Pedongeng Ariyo Zidni menjelaskan soal budaya bertutur, sebab selama ini menggeluti dunia cerita membuat mengerti soal kebiasaan masyarakat dalam berbicara. Saat semua digital budaya bertutur seolah hilang diganti dengan teks dan video. Ditambah ada hal lagi yang berbeda dari perpindahan cara berkomunikasi ini.
Karena merasa berada di ruang digital yang jauh dari manusia lain. Masyarakat kini jauh dari budaya bertutur yang dulu dipahami. Padahal sebagai citizenship atau warga negara digital, para warga digital harus juga berbudaya.
Berbicara saat Webinar Gerakan Nasional Literasi Digital 2021 di kabupaten Bandung, Jawa Barat, Selasa (8/6/2021) dunia digital juga memilki budaya digital. Banyak pihak menyebut budaya digital ialah budaya Pancasila. Ia pun sangat setuju karena budaya digital tidak ada bedanya dengan budaya di kehidupan nyata.
Masyarakat sudah dikenalkan tentang bagaimana bisa saling menghargai hak orang lain kebebasan berekspresi orang lain. “Bagaimana ketika ada yang tidak sesuai kita bisa sampaikan dengan cara baik tetap menjaga reputasi atau menghargai hak-hak sebagai individu. Mereka sebagai warga negara dan sebagai pribadi dengan budaya-budaya tertentu dan dengan agamanya,” jelasnya.
Kita harus memiliki tanggung jawab untuk menghargai orang lain karena kita juga punya mempunyai hak di ranah digital. Itulah yang harus dijaga seperti yang tercantum pada Pancasila. Misalnya di sila ketiga maksudnya ada nilai harmoni, masih saling mengormati dan bersatu apapun perbedaannya. Sementara untuk saling cinta kasih dengan sesama warga net ada seperti pada sila pertama.
Satu lagi dari budaya digital ialah hak digital mencakup tentang persoalan akses kebebasan berekspresi, perlindungan atas data pribadi. Privasi dan hak atas kekayaan intelektual di dunia digital itu jadi ini termasuk salah satu hak asasi manusia. Negara menjamin setiap warga negara meskipun warga negara digital tetap sama haknya. Di dunia digital ini ada haknya dan juga harus menjaga hak orang lain.
“Karena lebih terbuka sehingga kita harus melihat dulu hak-hak orang lain, reputasi orang kemudian menjaga kenyamanan bersama. Untuk memberikan keuntungan dan manfaat lebih ketika kita memanfaatkan teknologi digital,” tuturnya.

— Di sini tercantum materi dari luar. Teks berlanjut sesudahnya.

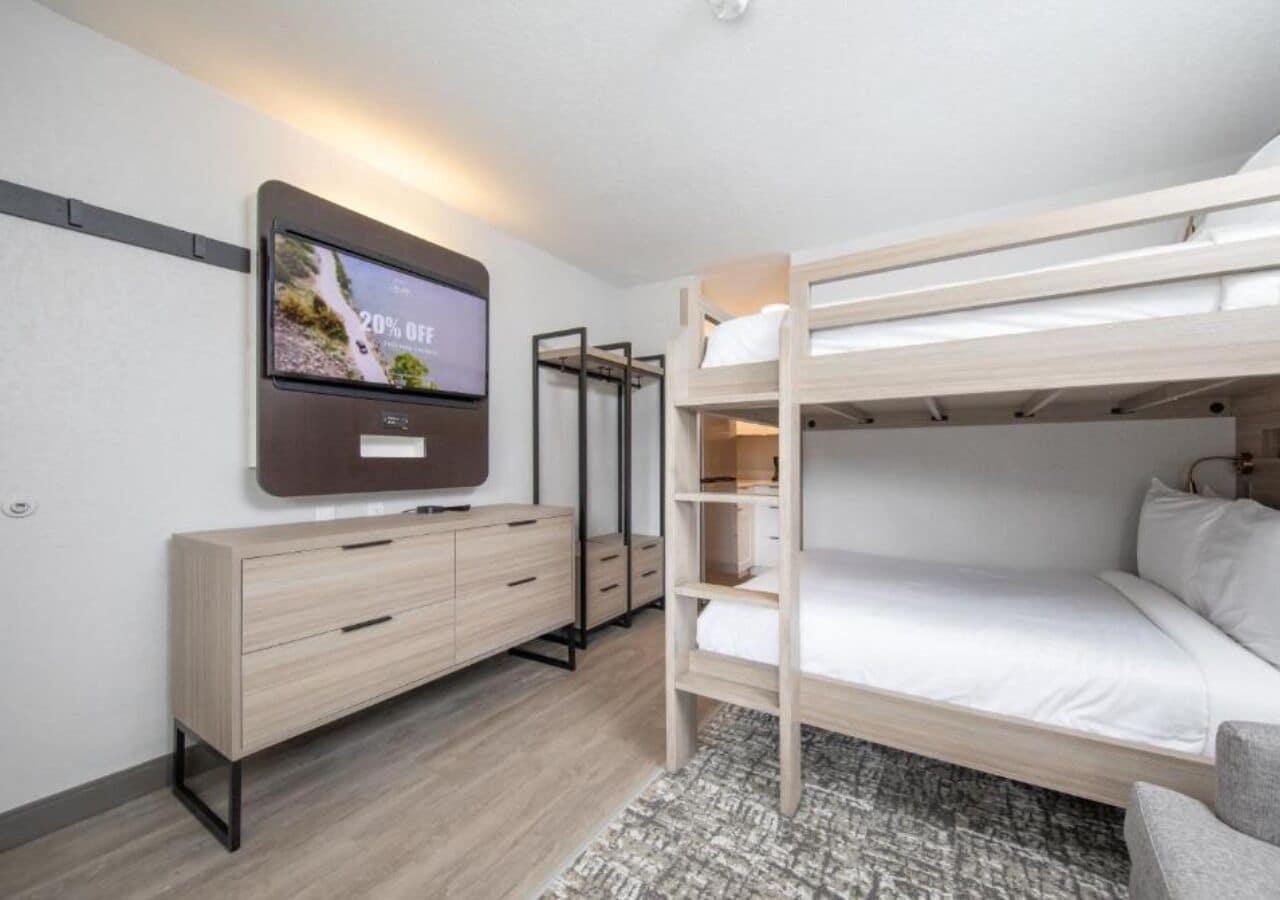 A modern hotel room with a bunk bed, a TV mounted on the wall, a wooden dresser, and a patterned rug.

Ariyo menambahkan, ketika kita menulis komentar harus hati-hati, istilahnya jarimu adalah harimaumu. Kalau kita bisa menjaga hak orang lain maka kita juga akan nyaman fokus untuk menghasilkan konten-konten yang baik dan positif.
Webinar Gerakan Nasional Literasi Digital 2021 ini diselenggarakan Kementerian Komunikasi dan Informatika bekerjasama dengan Siberkreasi. Webinar wilayah Kabupaten Pangandaran, Jawa Barat ini juga mengundang narasumber Annisa Junaidi (Relawan TIK), Denden Sofiudin (Pendiri Rumah Kopi Temanggung yang sukses berjualan online) dan Romzi Ahmad (Wakil Ketua Gerakan Literasi Digital Nasional)
Gerakan Nasional Literasi Digital 2021 – untuk Indonesia #MakinCakapDigital merupakan rangkaian panjang kegiatan webinar di seluruh penjuru Indonesia Kegiatan ini diprakarsai Kementerian Komunikasi dan Informatika RI (Kemkominfo RI) bersama Sinerkreasi. Kegiatan ini menargetkan 10.000.000 orang terliterasi digital pada tahun 2021, hingga tercapai 50 juta orang terliterasi digital pada 2024.
Kegiatan ini merupakan bagian dari program Literasi Digital di 34 Provinsi dan 514 Kabupaten dengan 4 pilar utama. Di antaranya Budaya Bermedia Digital (Digital Culture), Aman Bermedia (Digital Safety), Etis Bermedia Digital (Digital Ethics), dan Cakap Bermedia Digital (Digital Skills) untuk membuat masyarakat Indonesia semakin cakap digital.